According to the blub that came in the review pack “Redshift #1 is a bleak sci-fi mini-series which can best be described as Lost In Space meets The Expanse”. By the second page, we have a dead mother, a few pages further on we have a sinister Ministry controlling Mars, and by the halfway point we have a story-within-a-story that could have been a depressing gut-kick of a comic within itself. So; yes, it’s nice to have a comic live up to its own hype.
As first issues go, it’s got everything I look for. A handful of characters with enough definition and difference to care about individually, clear factions and difficulties to overcome, and a steady pace that keeps you turning the page. Things don’t feel too expositional and allows the comic to give the reader credit for being able to put things together themselves. It also has just that right level of apocalypse to it; an environment so shitty that it won’t go away, but that you can still see people living and trying to thrive in.
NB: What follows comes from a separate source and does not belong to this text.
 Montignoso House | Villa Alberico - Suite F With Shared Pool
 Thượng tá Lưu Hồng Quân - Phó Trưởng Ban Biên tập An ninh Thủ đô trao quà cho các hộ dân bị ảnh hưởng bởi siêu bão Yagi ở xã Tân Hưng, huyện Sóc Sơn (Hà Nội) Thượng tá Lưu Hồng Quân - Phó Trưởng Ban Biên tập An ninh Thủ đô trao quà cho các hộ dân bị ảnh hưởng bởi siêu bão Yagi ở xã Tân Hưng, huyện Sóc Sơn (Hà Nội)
The expansiveness of the setting is rendered in a pleasing, relatively realistic art style. Whilst the line and inks are high quality, the real stars of this debut issue are the use of colour and the layouts. The team isn’t afraid to mix things up with pitch-darkness, a vibrant range of desert tones, or a dazzling space background. They are also happy to spread out the story to compliment the pace, mostly having three or four panels a page and letting things breathe. There are a couple of one-panel pages that take your breath away, partly from the art and partly from their context.
This is modern science fiction at its most digestible with used touches of technology and futurism to help with the setting but mostly telling a small, human story. Questions are raised, possibilities are opened, but primarily you’re worried about the people. Throw in the genesis of a wider plot, some internal group tensions, and a real sense of direction. I’m already wanting to add it to my pull-list.